Atomic Edge analysis of CVE-2026-4798 (metadata-based): This vulnerability is an unauthenticated SQL injection in the Avada Builder plugin (fusion-builder) for WordPress, affecting versions up to and including 3.15.1. The injection occurs through the ‘product_order’ parameter and has a CVSS score of 7.5 (High) with confidentiality impact, no impact on integrity or availability.
The root cause, inferred from the CWE-89 classification and the description, is improper neutralization of special elements in the ‘product_order’ parameter before it is used in an SQL query. The plugin’s code likely reads this user-supplied parameter and directly concatenates it into a SQL query without sufficient escaping or parameterized preparation (prepared statements using $wpdb->prepare). The note that the vulnerability is exploitable only if WooCommerce was previously used (then deactivated) strongly suggests the vulnerable code resides in a shortcode or widget that renders WooCommerce-related output, possibly a product loop or filter shortcode that remains active even after WooCommerce is disabled. Because the vulnerable and patched plugin versions are not available from WordPress.org for code diffing, Atomic Edge analysis cannot confirm these specifics from source code; all root cause descriptions are based on the CWE and the provided description.
Exploitation is possible over the network (AV:N) with low attack complexity (AC:L) and no privileges required (PR:N). No user interaction is needed (UI:N). An attacker would craft a crafted HTTP request to a WordPress page that loads a shortcode or element from the Avada Builder which processes the ‘product_order’ parameter. For example, the vulnerable endpoint might be a page with the Ajax_load_more or product_grid shortcode that uses the ‘product_order’ parameter to sort products. An attacker could send a request like: GET /wp-admin/admin-ajax.php?action=fusion_builder_ajax_load_products&product_order=1 AND (SELECT SLEEP(5)) — – or a similar time-based blind SQL injection payload via POST or GET parameters. Since the description mentions time-based SQL injection, the attacker would use conditional timing delays to infer database contents character by character.

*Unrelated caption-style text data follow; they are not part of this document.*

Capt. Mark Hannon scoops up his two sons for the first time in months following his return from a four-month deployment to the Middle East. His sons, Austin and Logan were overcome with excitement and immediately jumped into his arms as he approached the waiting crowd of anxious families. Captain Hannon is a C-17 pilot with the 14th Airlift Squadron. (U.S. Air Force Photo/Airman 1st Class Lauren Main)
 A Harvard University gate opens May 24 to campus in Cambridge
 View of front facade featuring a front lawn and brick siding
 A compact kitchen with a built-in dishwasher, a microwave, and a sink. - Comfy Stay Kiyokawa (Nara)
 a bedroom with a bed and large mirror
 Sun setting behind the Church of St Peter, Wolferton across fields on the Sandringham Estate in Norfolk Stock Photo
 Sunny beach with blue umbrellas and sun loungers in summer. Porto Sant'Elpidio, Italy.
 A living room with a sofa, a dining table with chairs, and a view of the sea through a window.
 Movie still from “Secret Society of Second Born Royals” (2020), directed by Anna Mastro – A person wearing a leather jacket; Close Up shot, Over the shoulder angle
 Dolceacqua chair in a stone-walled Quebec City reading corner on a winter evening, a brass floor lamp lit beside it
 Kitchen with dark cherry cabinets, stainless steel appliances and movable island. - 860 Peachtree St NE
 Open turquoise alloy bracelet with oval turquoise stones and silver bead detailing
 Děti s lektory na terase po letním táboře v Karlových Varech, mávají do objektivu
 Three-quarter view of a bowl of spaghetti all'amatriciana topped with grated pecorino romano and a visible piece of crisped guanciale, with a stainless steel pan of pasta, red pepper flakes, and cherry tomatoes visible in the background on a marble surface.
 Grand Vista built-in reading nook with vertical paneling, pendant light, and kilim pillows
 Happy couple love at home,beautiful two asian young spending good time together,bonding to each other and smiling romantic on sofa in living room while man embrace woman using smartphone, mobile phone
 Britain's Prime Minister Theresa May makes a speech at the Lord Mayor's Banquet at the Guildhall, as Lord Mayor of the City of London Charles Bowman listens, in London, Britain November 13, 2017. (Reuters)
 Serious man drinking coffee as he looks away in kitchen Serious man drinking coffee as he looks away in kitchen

The remediation involves updating to version 3.15.2, which contains the fix. The code change likely includes using parameterized queries via $wpdb->prepare() for the ‘product_order’ parameter, or at minimum, properly escaping the value using esc_sql() or intval() if the expected value is an integer (like order IDs). The fix must ensure that user input is never directly concatenated into SQL queries.
The impact of successful exploitation is full read access to the WordPress database. An attacker could extract sensitive information such as usernames, password hashes (which could be cracked offline), user email addresses, and any other data stored in custom tables (including WooCommerce order and customer data if previously used). Although the CVSS vector indicates no impact on integrity or availability (I:N/A:N), the confidentiality breach alone can lead to further attacks, such as account compromise via password hash cracking.